TASK OBJECTIVE: Nothing should appear in the answer except the lines below from the line containing "We're going to look" through the line containing "You'd be surprised", copied exactly, with pictures left out.

STUDY MATERIAL:
/---
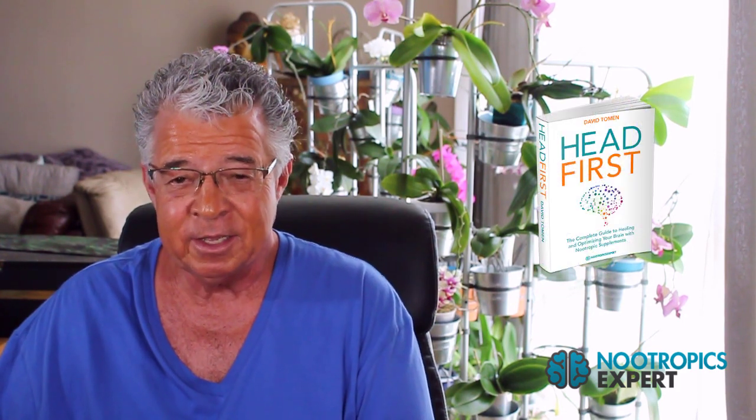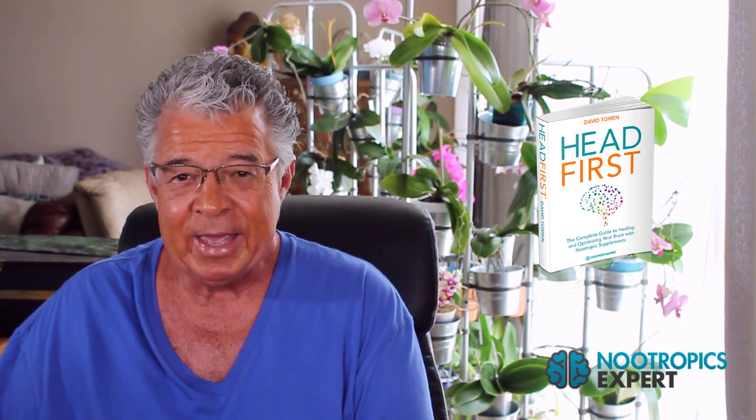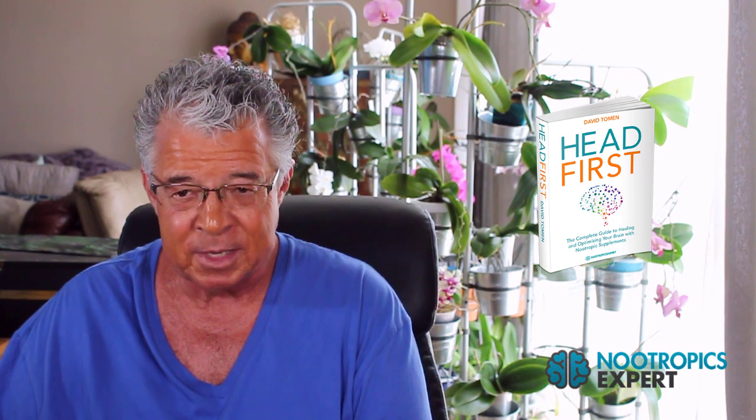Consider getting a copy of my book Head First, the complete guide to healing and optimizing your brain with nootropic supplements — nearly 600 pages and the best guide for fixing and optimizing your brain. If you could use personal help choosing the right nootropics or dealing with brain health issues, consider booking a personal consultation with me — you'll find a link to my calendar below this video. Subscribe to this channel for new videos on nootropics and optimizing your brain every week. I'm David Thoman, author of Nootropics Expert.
\---
/---
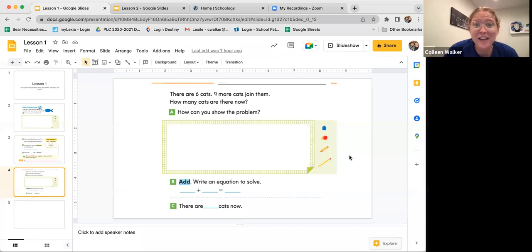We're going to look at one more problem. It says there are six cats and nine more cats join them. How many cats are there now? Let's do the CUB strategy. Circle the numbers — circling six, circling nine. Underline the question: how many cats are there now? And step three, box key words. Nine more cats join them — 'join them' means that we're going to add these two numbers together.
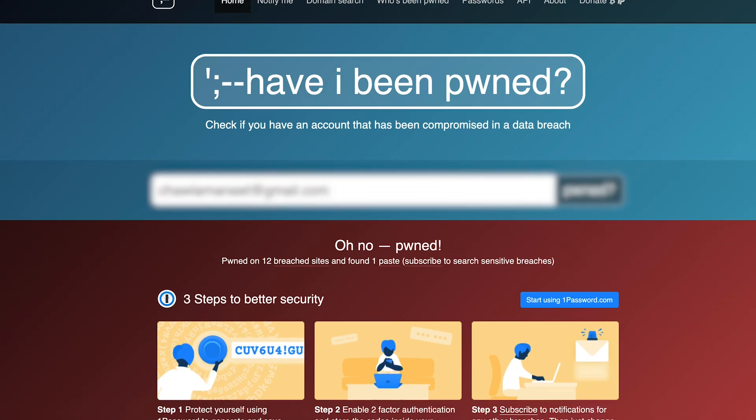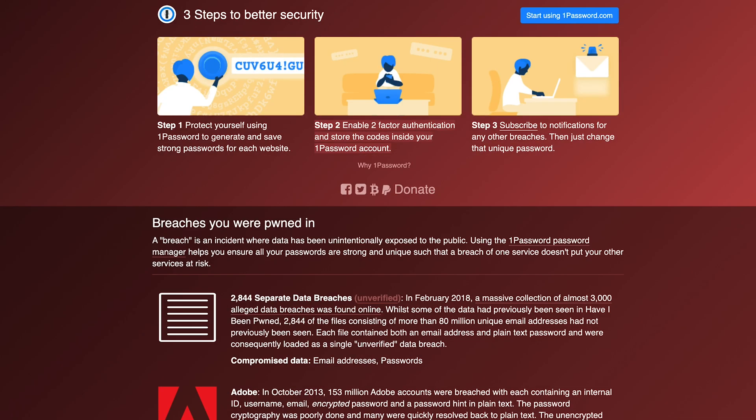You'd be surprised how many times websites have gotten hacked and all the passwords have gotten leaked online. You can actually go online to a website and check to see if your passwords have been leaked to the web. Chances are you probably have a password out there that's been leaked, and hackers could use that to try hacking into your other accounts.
\---
/---
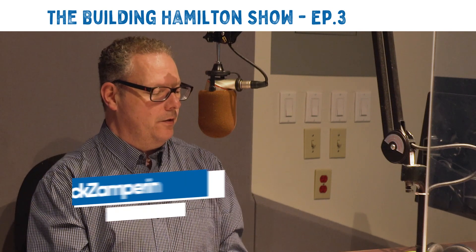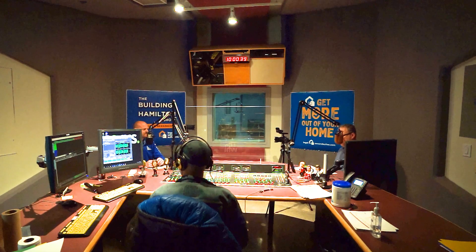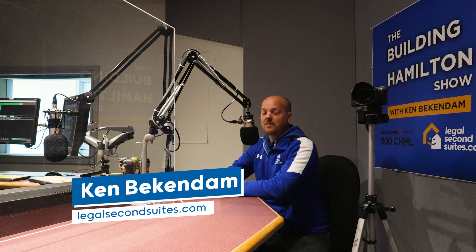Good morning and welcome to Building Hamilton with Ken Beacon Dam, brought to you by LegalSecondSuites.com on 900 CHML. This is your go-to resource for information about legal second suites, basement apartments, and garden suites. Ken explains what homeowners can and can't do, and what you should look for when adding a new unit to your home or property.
\---
ANSWER BELOW:
We're going to look at one more problem. It says there are six cats and nine more cats join them. How many cats are there now? Let's do the CUB strategy. Circle the numbers — circling six, circling nine. Underline the question: how many cats are there now? And step three, box key words. Nine more cats join them — 'join them' means that we're going to add these two numbers together.
You'd be surprised how many times websites have gotten hacked and all the passwords have gotten leaked online. You can actually go online to a website and check to see if your passwords have been leaked to the web. Chances are you probably have a password out there that's been leaked, and hackers could use that to try hacking into your other accounts.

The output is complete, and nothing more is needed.